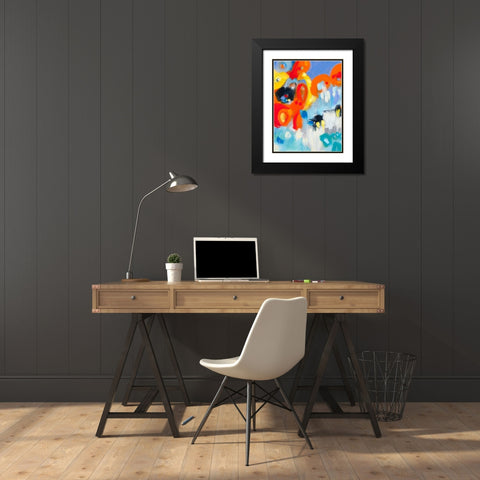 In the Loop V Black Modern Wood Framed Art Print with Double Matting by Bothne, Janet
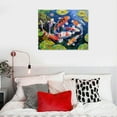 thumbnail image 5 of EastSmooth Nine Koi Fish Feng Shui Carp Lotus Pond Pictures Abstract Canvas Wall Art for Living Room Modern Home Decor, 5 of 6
* * * * * * * * *
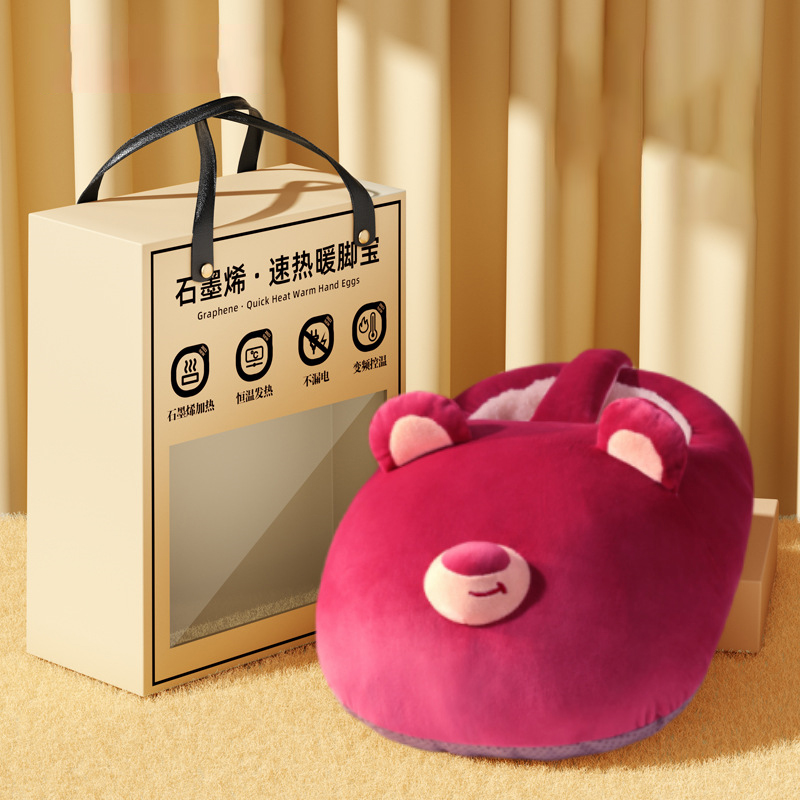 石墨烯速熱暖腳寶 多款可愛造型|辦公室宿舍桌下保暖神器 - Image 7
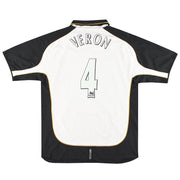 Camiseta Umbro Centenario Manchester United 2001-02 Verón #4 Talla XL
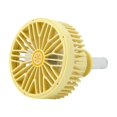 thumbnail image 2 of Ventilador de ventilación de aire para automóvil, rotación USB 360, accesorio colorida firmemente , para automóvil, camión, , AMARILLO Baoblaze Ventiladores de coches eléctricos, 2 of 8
* * * * * * * * *
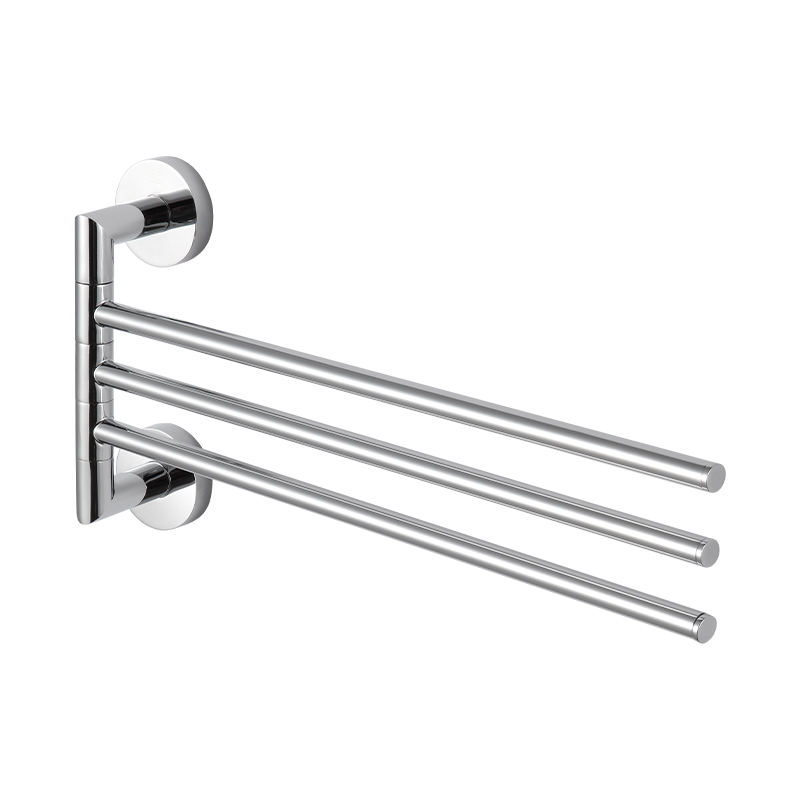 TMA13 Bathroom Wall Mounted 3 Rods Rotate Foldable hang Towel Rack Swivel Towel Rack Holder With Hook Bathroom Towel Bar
* * * * * * * * *
— What to work on —
Copy only these lines from the records above, exactly: the one with "In the Loop", the one with "thumbnail image 5", and those between. Skip the pictures.

— Exercise answer —
 In the Loop V Black Modern Wood Framed Art Print with Double Matting by Bothne, Janet
 thumbnail image 5 of EastSmooth Nine Koi Fish Feng Shui Carp Lotus Pond Pictures Abstract Canvas Wall Art for Living Room Modern Home Decor, 5 of 6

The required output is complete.